> [ENTRIES SUPPLIED]:
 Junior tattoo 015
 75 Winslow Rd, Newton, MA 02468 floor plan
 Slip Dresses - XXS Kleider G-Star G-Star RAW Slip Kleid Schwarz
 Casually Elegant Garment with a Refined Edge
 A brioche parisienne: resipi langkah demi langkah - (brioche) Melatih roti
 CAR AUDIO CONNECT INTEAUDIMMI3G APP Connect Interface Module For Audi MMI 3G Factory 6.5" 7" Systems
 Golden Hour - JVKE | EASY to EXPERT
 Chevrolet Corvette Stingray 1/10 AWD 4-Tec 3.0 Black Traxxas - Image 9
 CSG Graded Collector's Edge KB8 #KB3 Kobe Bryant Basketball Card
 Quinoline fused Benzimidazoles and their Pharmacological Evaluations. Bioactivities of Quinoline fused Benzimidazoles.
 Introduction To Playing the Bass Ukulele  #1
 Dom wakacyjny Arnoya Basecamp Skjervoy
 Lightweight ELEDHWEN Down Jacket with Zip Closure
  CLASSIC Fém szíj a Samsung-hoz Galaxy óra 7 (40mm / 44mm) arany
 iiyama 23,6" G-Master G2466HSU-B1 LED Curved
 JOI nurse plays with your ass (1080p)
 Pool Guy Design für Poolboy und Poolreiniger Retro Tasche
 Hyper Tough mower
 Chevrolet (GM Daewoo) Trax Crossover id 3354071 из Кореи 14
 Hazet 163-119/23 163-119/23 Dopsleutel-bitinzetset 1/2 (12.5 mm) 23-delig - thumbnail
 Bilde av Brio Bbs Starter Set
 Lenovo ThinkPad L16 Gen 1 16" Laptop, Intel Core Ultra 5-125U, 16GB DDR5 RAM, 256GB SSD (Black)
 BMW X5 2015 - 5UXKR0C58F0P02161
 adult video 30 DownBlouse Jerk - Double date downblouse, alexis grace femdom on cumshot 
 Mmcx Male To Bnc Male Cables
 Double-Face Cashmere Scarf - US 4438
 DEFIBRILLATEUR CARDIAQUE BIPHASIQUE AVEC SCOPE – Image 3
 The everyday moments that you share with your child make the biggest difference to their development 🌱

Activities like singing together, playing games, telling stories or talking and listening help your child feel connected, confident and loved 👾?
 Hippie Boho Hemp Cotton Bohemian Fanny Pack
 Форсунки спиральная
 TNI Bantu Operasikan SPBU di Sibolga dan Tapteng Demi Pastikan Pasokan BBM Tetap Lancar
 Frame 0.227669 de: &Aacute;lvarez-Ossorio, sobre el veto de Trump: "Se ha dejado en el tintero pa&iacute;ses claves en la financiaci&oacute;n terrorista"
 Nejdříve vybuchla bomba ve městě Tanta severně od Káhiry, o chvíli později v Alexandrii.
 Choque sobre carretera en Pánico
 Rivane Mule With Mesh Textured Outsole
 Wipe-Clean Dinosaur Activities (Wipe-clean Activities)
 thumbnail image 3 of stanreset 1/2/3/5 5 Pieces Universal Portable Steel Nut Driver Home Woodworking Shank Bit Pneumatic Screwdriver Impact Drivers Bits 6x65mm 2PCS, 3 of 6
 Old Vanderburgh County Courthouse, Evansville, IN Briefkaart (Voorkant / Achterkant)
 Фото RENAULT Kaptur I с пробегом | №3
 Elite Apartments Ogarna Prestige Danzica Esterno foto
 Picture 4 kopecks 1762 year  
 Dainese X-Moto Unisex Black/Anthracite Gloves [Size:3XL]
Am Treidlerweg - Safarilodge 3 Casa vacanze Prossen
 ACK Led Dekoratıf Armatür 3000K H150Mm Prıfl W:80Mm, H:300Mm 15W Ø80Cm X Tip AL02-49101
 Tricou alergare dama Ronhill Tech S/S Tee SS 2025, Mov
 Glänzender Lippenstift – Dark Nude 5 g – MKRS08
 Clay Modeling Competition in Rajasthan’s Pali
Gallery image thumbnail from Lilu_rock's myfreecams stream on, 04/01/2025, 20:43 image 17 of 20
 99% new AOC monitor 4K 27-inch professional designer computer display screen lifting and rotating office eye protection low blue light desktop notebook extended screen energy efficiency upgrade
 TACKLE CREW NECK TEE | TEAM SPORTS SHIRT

> [WHAT THE TASK REQUIRES]:
Could you restate, word for word, the lines above from the one with "CAR AUDIO CONNECT" to the one with "Chevrolet Corvette Stingray", both included?

> [SOLUTION TO THE PROBLEM]:
 CAR AUDIO CONNECT INTEAUDIMMI3G APP Connect Interface Module For Audi MMI 3G Factory 6.5" 7" Systems
 Golden Hour - JVKE | EASY to EXPERT
 Chevrolet Corvette Stingray 1/10 AWD 4-Tec 3.0 Black Traxxas - Image 9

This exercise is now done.